All the signs are there. As we say, the circumstances vary but the progression is the same. There is no exact template; you don’t have to drink every day, you don’t have to have hit “rock bottom”(I believe absolute Rock Bottom is death), you don’t have to lose everything, you don’t have to have experience “blackouts” nor do you need to have crushing consequences of alcohol use. You merely have to admit that alcohol has affected your life irreparably and that is a problem that you have no control over.

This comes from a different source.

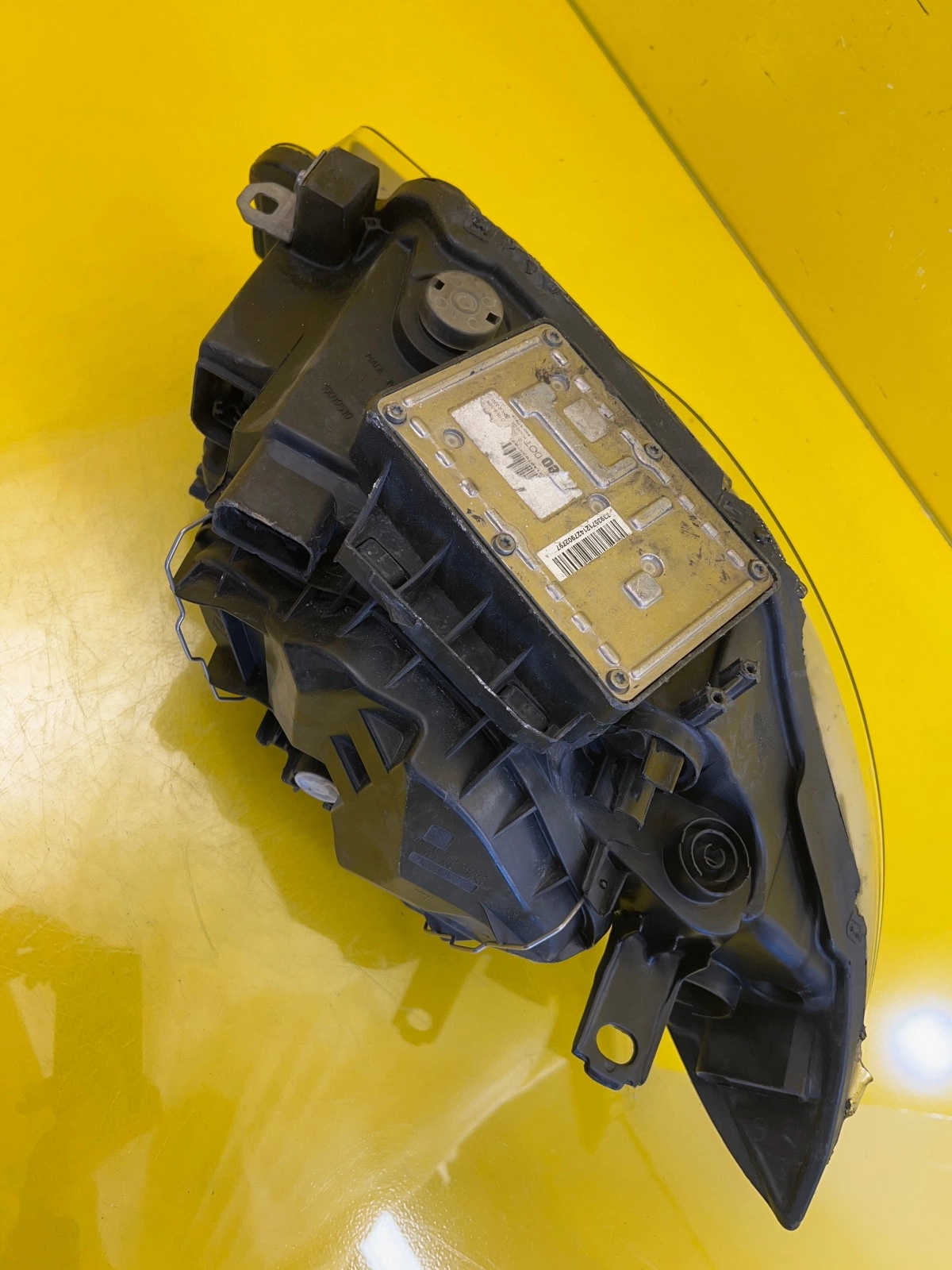 Reflektor Lampa Lewa BMW 1 E81 E87 E82 Xenon 6924489 Autolamps 6 Reflektor Lampa Lewa BMW 1 E81 E87 E82 Xenon 6924489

I have been drinking at an unhealthy level for 40-plus years. I haven’t always consumed alcohol every day and I haven’t always gotten drunk. But it has been a destructive force in my life. I have drunk at the expense of my health. I have lost my temper with my family and other loved ones. I’ve driven intoxicated more times than I can count (the words “incredibly lucky” come to mind) and I know that I have set a terrible example for my children. I have made an ass out of myself in front of friends and co-workers more than I want to admit and I have wallowed in shame and regret more often than I care to consider. Even now that I’ve been able to achieve long periods of sobriety, I think about it every day. Not a day goes by when I do not think about going to buy a bottle. When I do buy one, I may not get plowed that day but I will drink out of it every day until it is gone. That means that working out, blogging, preparing meals and any other worthwhile pursuit will be left by the wayside as I feed an old, tiring habit. And I get zero value or reward from it.

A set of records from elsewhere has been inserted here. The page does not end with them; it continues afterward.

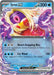 Jynx ex (124/165) [Scarlet & Violet: 151] - for just $0.35! 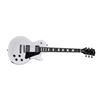Image 1 : Gibson - Les Paul Modern Studio Electric Guitar - Worn White - LPSTM00WWBNH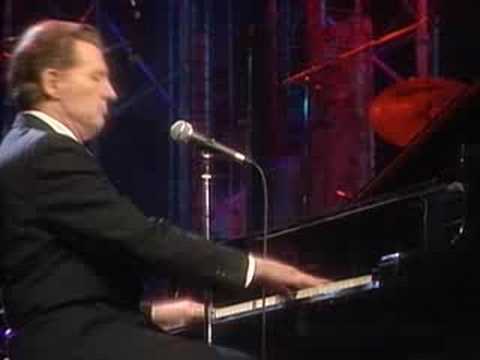 Profilový obrázek - Jerry Lee Lewis - The Wild One (From "Legends of Rock 'n' Roll" DVD)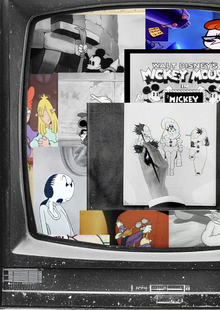 Глава II. Коммерческая анимация, от киноприема до young-adult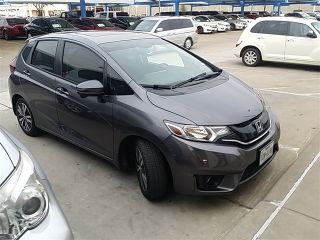 Used 2015 Honda Fit EX in North Richland Hills, Texas
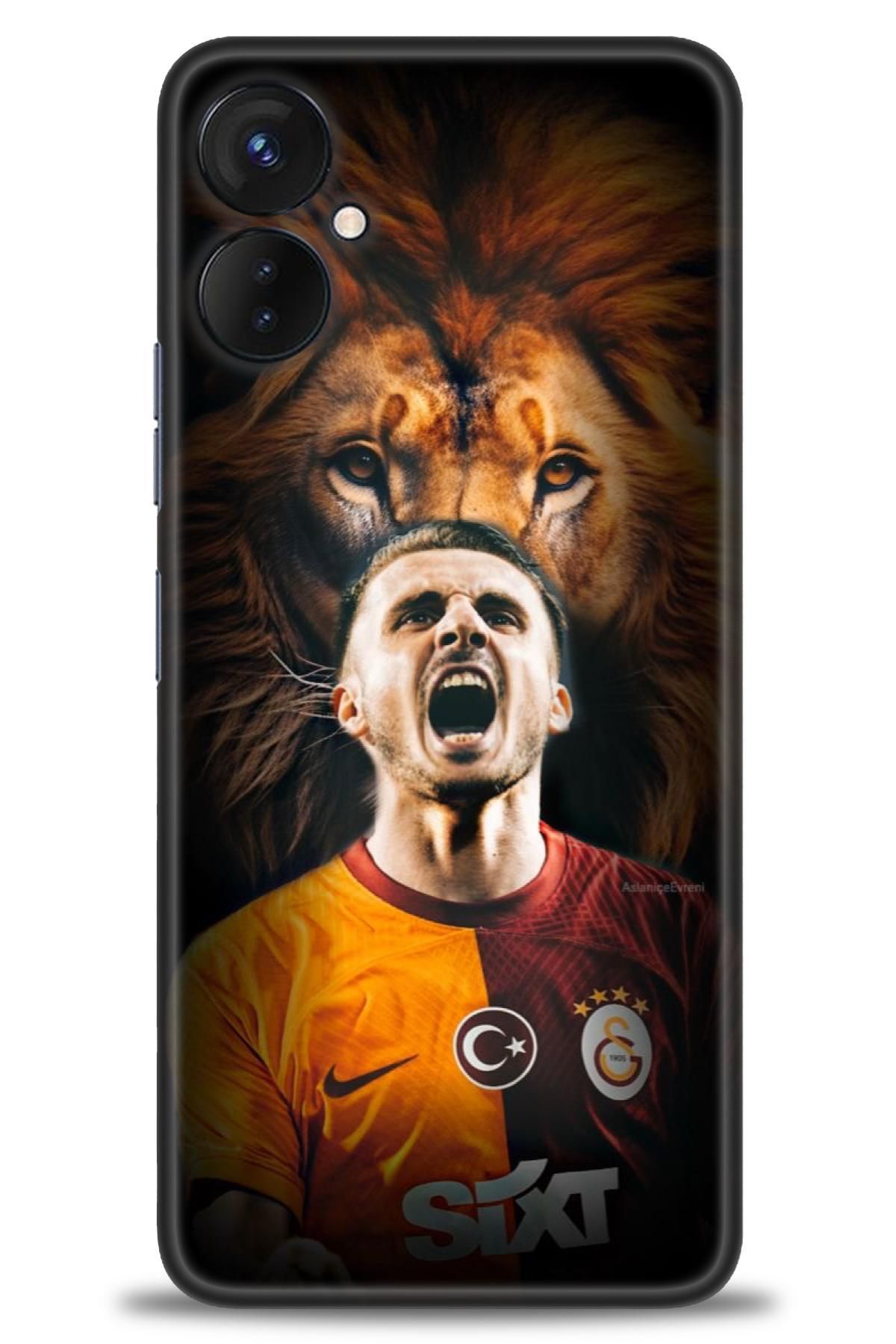 TECNO Spark 9 Pro İle Uyumlu HD Baskılı Kılıf - Karışık Seri - 713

It’s time for a change. I feel good about it. I don’t enjoy it anymore, I rarely get intoxicated, and when I do I beat the hell out of myself emotionally during and after.
Alcoholism is about control. I no longer have control over it. Being able to avoid it is a mild accomplishment but I need to change my mindset and work towards a healthy and fulfilling life. Yes, I already crave this, anyone who knows me can confirm it. But I can do better.

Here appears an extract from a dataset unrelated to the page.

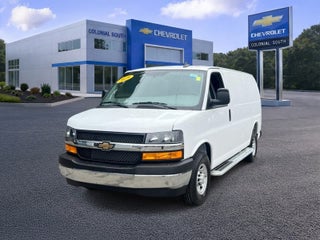2025 Chevrolet Express Cargo WT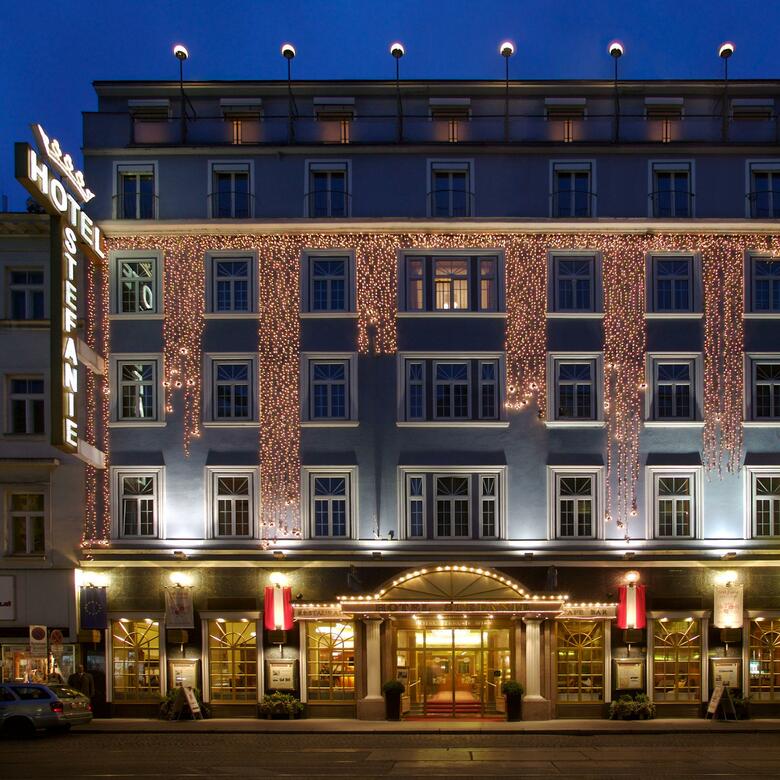 Hotel Stefanie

I always tell my Clients that the key to embracing recovery is to not look at it as a continuation of the Old Life, but instead to look at it as a new beginning. It has occurred to me that I may be full of shit when I offer advice but I know I’m not. I am knowledgeable of the model of addiction and can speak with some conviction. But I need to go one step further and join them in doing the work. I can live the life that I want for them by joining them in the battle.
Today I am beginning the 1st of the 12 steps of Alcoholics Anonymous. I am admitting that I am powerless over the lure of alcohol, and that I currently live a life that is unmanageable. This is an important step in my overall goal of being an honest, accountable person of substance. It makes sense finally.